This post is part of a series on the Providence project at Stack Exchange, the first post can be found here.
We’ve gone over building the “developer-kind” and “technology” classifiers, but we’ve yet to describe actually using these predictions for anything. We started with better targeting for Stack Overflow Careers job listings, this was an attractive place to start because our existing system was very naïve, there was enough volume to run experiments easily, and mistakes wouldn’t be very harmful to our users.
In a nutshell, the challenge was: given a person and a set of job listings, produce a prediction of how well the person “fits” each of the jobs. We wanted to produce a value for each job-person pair, rather than just picking some number of jobs for a person, so we could experiment independently in the final ad selection approaches.
To quickly recap what we had to work with: for each person who visits Stack Overflow, we had 11 developer-kind percentage labels, 15 technology percentage labels, and the tag view data which was used to generate those sets of labels; for each job listed on Stack Overflow Careers, we had a list of preferred developer-kinds, preferred technologies, and some tags related to the job.

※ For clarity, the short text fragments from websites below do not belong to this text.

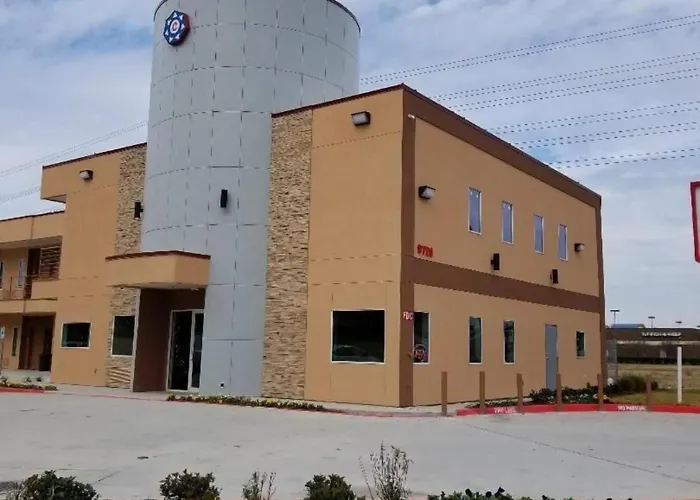 Crystal Inn - Sugarland Sugar Land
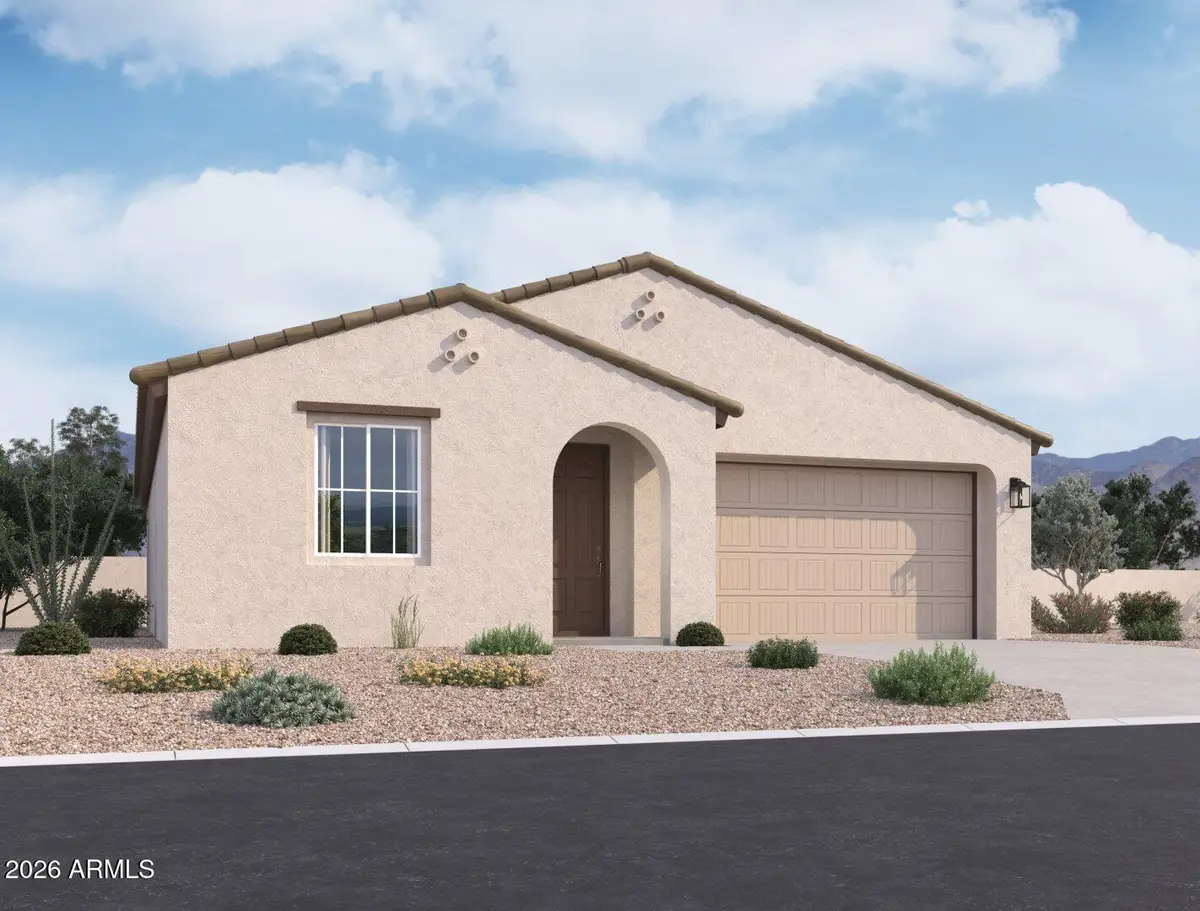 2491 E Galloping Horse Drive, San Tan Valley, AZ 85140 - #1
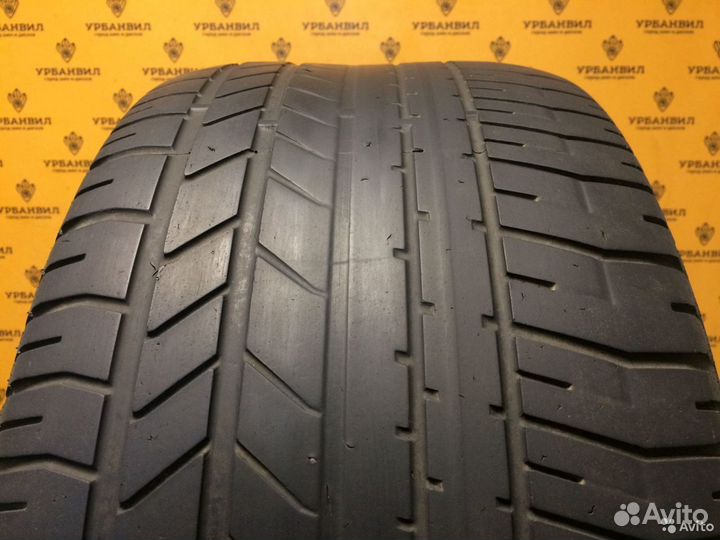 Pirelli P Zero Asimmetrico 275/40 R18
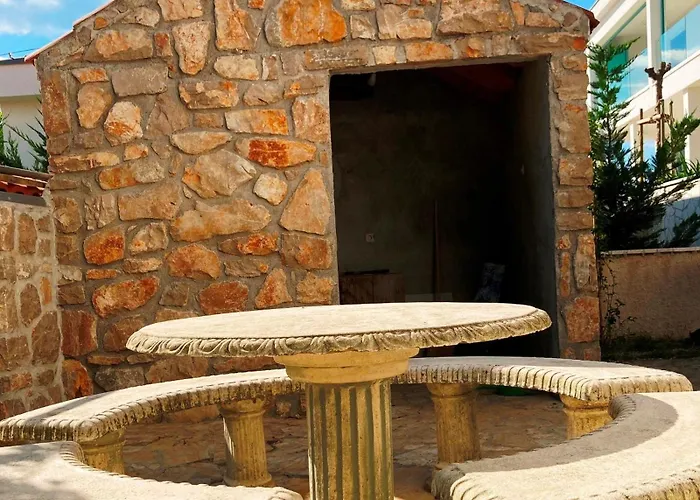 By The Sea Dobropoljana, Pasman - 22749 Dobropoljana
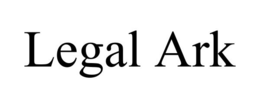 legal ark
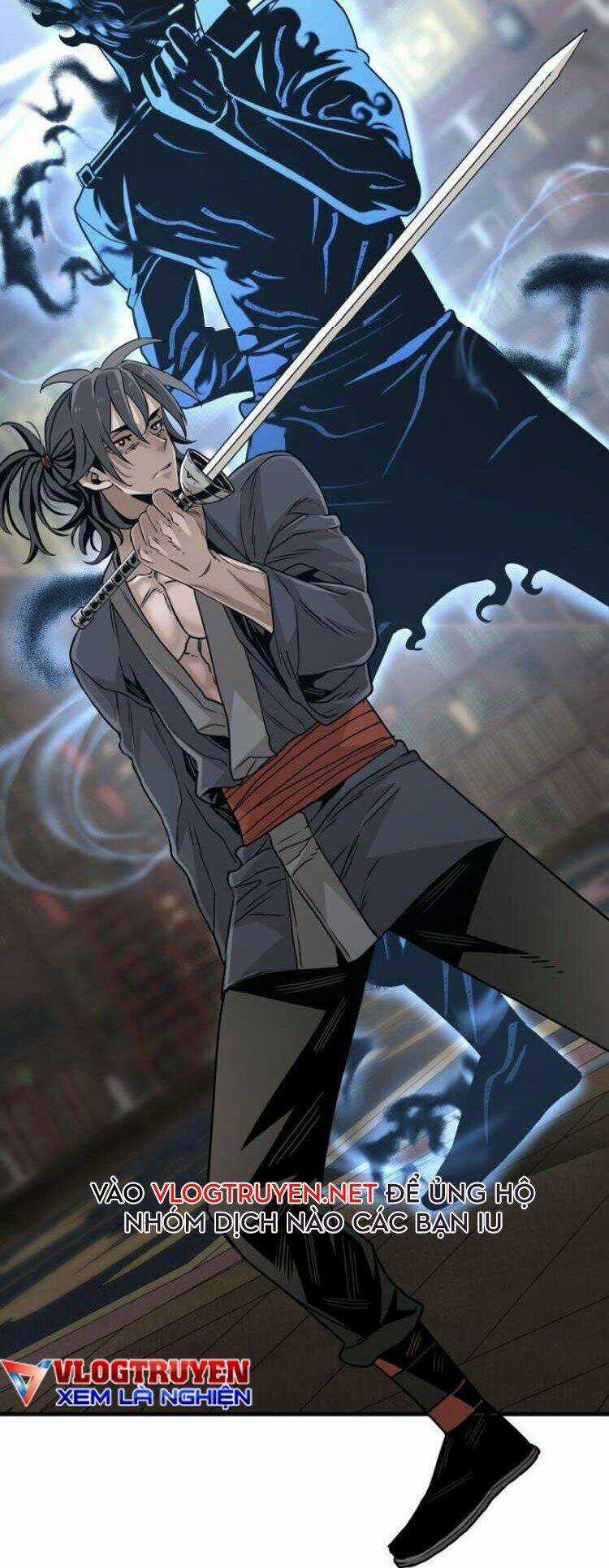 Thiên Ma Phi Thăng Truyện Chapter 6 trang 90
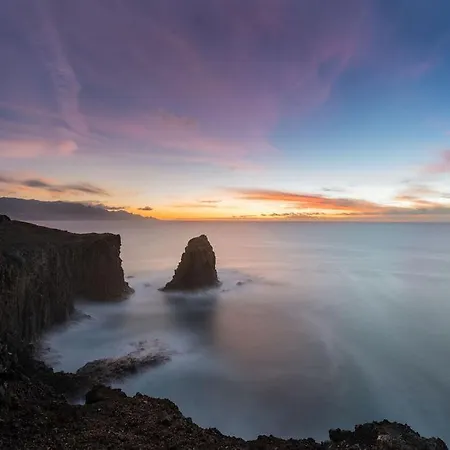 Seaview Cactus Apartmán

When designing this algorithm, there were a few goals we had to keep in mind. Neither overly broad jobs (ie. “Web Developer, Any Platform”) nor overly narrow jobs (ie. “ASP.NET MVC2, EF4, and F# in Brownsville”) should dominate. Similarly, while no single label should overwhelm the others, the algorithm should incorporate knowledge of how significant our experimentation revealed the different labels to be. This algorithm was also one of the few pieces of Providence that needed to run in real time.
The end result was very simple, and can be broken down into the following steps:
- Mask away any developer-kind and technology labels on the person that are not also in the job
- So a job without “Android Developer” will ignore that label on the person
- Sum each developer-kind percentage label that remains
- Sum each technology percentage label that remains
- Determine the tag the person is most active in which also appears on the job, if any
- Calculate what percentage of a person’s overall tag activity occurred in the tag chosen in the previous step
- Scale the percentages calculated in steps 3, 4, & 5 by some pre-calculated weights (see below) and sum them
- Determine the largest possible value that could have been calculated in step 6
- Divide the value of step 6 by the value in step 7, producing our final result
Conceptually, the above algorithm determines the features of a person who would be perfect for a job, and then determine how closely the actual person we’re considering matches.
The per-feature weights it incorporates let us emphasize that certain features are better predictors of a match than others. The least predictive feature is developer-kind, so it is given a weight of one, while technologies and tag matches have weights of two and three because they are roughly two and three times as predictive, respectively. We determined the weight for each feature with experiments in which each feature was used alone to target ads, then compared the relative improvement observed for each feature. These weights also matched our intuition; it makes sense that being a Full Stack Web Developer instead of a Back End Web Developer doesn’t matter as much as being unfamiliar with the technology stack, which itself isn’t as significant as lacking the domain knowledge implied by a particular tag.
Once we tested this algorithm and determined it worked, we had to decide what to do when it didn’t have enough information to make any intelligent predictions. This can happen in two cases: if we know nothing about the user (if they’re brand new, or have opted-out of Providence), and if we know nothing about the job (it may be a crazy outlier, badly entered, or just plain a bad job). In both cases we decided to predict a low, but non-zero, default value; this means that an “empty” person will still get a reasonable mix of jobs and that an “empty” job will still get some exposure. This default value was selected by randomly sampling people and averaging how well they match all the non-empty jobs we’ve ever seen, then adjusting that average down by one standard deviation. In practice, this means the default ranks somewhere between 30% and 50% of the non-empty matches calculated for most users.
There were a few non-Providence concerns to handle after nailing down this algorithm before we could ship the final product. We needed to constrain ads geographically, chose a subset of ads based on their predicted weights, and serve the actual ads on Stack Overflow. All of these were left to our ad server team, and dealt with without resorting to any machine learning trickery.